10Questions.com is a new site that aggregates Youtube and similar political videos and allows visitors to vote on their favorite. The top 10 will then be asked of the presidential candidates, with the candidates then asked to upload replies.
The site is co-sponsored by several blogs as well as the New York Times and MSNBC. Almost none of those sites have an interest in real questions being asked, and now we've got proof.
My issue with the site is that those who can drive traffic to the site will be able to vote up weak questions, and that there's no accountability. Under my competing plan, only known quantities (pundits, bloggers, etc.) could vote on questions, and all their votes would be public. And, they'd be voting on whether a question is tough or not. That way, those known quantities would be forced to choose between choosing the toughest questions and losing credibility (if they voted down tough questions). Other plans would have the questions only selected by a "central committee" of like-minded individuals; mine differs in that it would be open to anyone who's been publicly stating opinions for some period such as six months or so.

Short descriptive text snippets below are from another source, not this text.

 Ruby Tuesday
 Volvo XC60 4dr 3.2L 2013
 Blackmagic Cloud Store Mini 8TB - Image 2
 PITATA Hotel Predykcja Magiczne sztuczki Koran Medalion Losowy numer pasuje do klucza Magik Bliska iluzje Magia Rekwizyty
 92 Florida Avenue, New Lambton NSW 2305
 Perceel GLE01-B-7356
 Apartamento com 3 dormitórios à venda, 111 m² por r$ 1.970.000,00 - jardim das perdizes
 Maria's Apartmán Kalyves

Earlier today, the scenario I outlined previously occured :
Participation on 10Questions.com has surged, with the total number of voters topping 15,000 (that's up about 9,000 from Friday), the total number of votes hitting 46,000 (up 19,000) and the total unique visits for the weekend at 17,000, more than ten times Friday's traffic... What happened? Several different advocacy campaigns, each on behalf of a particular question, joined in the conversation. A new video asking about net neutrality was posted, and from what we understand, MoveOn.org sent out an email to about 60,000 of its member activists urging them to vote for it. Obviously, a lot of people did, as that video rose to the top (with more than 5,000 net positive votes as of now). MySpace/MTV will be playing it for Senator Obama to answer during today's webcast (1:30pm EST), which will also be aired on MTV tonight at 7pm.

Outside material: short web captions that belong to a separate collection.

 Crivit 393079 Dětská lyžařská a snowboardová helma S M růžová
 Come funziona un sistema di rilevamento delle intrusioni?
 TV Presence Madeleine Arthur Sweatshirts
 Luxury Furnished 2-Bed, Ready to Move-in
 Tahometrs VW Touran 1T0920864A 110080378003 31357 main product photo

The question that was asked is here; it just asks whether the candidate would make reinstating net neutrality a priority in their first year in office.
Now, let's go to the live coverage :
2:19: The question is about net neutrality, and Obama says he supports it. That's great! 10Questions wasn't mentioned, however.

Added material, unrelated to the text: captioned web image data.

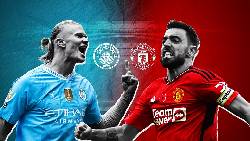 Siêu máy tính dự đoán MU vs Man City, 19h30 ngày 17/1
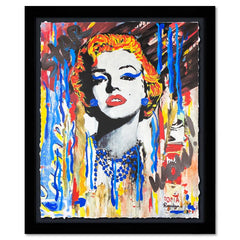 Marilyn Monroe II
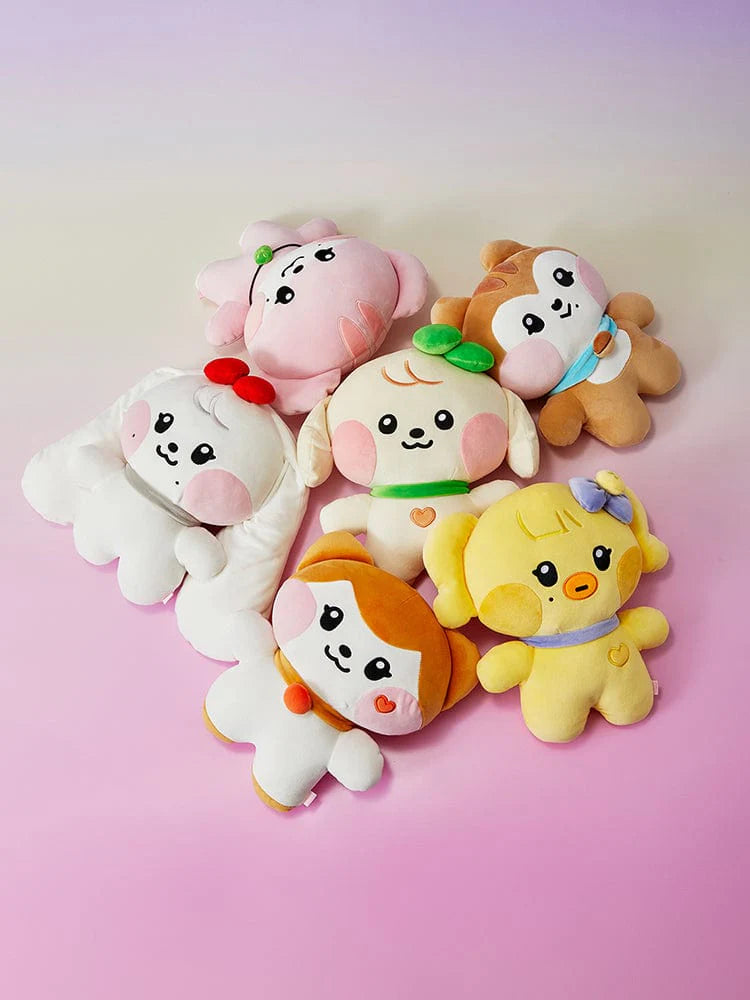 IVE - minive minini FLAT PLUSH DOLL | DKshop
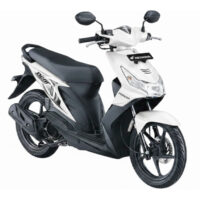 Honda BeAT Karburator 2008-2010
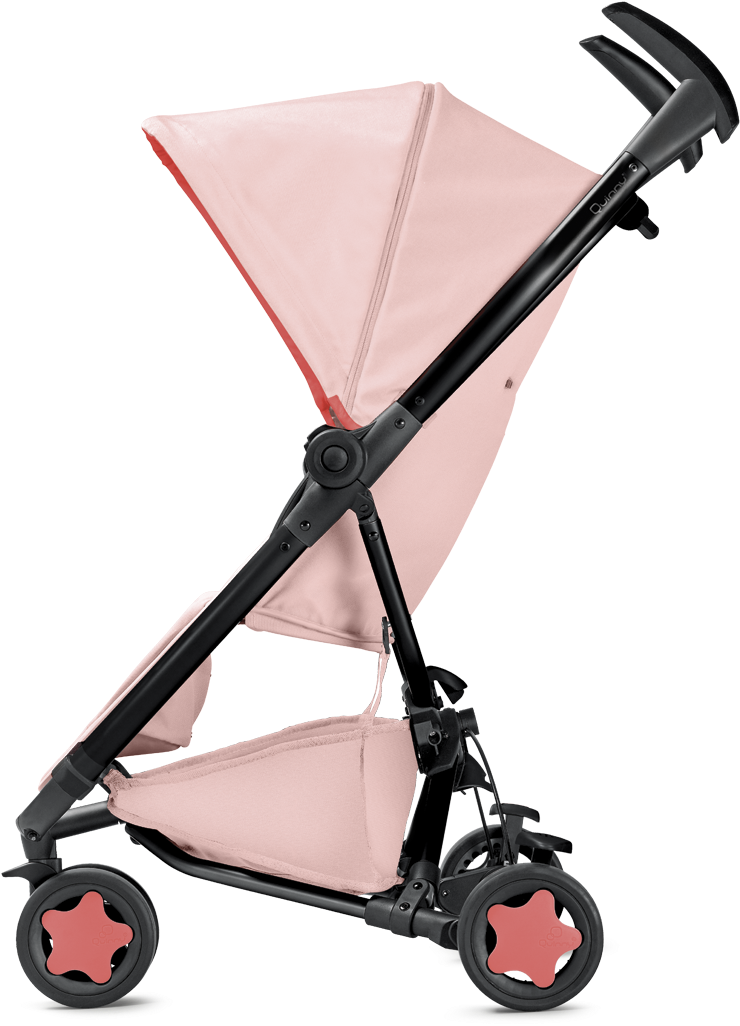 Edition Limitée Miami Quinny - Quinny Zapp Xtra Car Seat (757x1050)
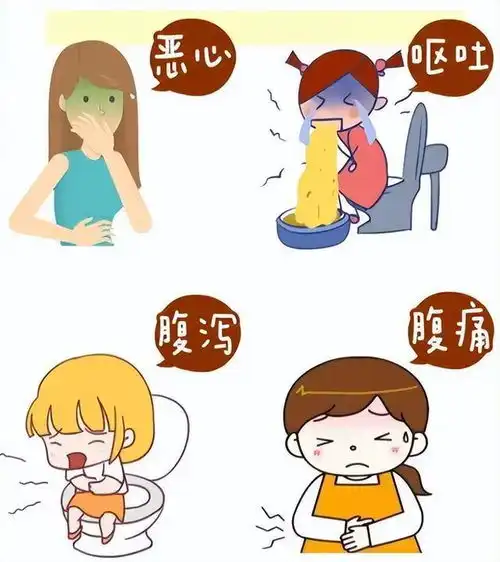 急性肠胃炎太折磨人科学用药须知道  急性肠胃炎太折磨人科学用药须知道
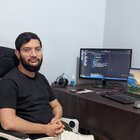 Avatar for Sabir Hassan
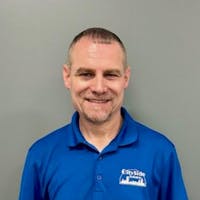 Mike Martell at Cityside Subaru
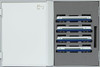 Tomix 98755 JR Series 200 Tohoku/Joetsu Shinkansen (Renewal) 4 Cars Add-on Set (N scale)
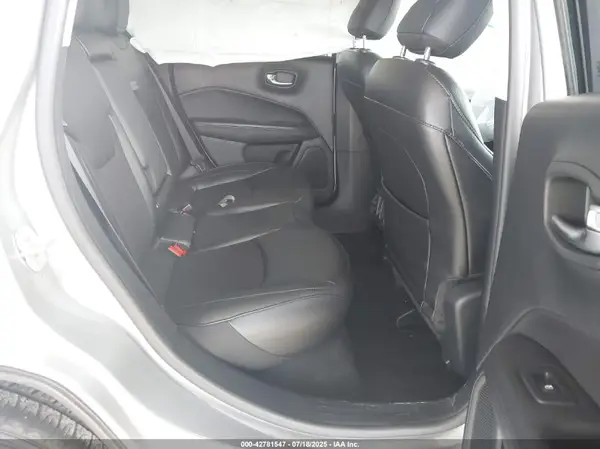 3C4NJCBB0LT170000 2020 JEEP COMPASS - Image 8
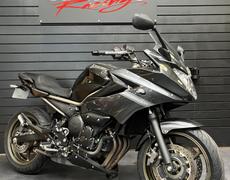 Yamaha XJ6 Buchelay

The problem is that Obama already said he supported net neutrality, way back in June 8, 2006 . In fact, a google search for "barack obama" "net neutrality" has that as the first hit.
If you're getting a vague Soviet vibe, hopefully you aren't alone. An advocacy group was able to propel a weak question that the candidate had already answered into top position, and the candidate answered it as he had done before.
We need real debates, and 10Questions is not the way to get them.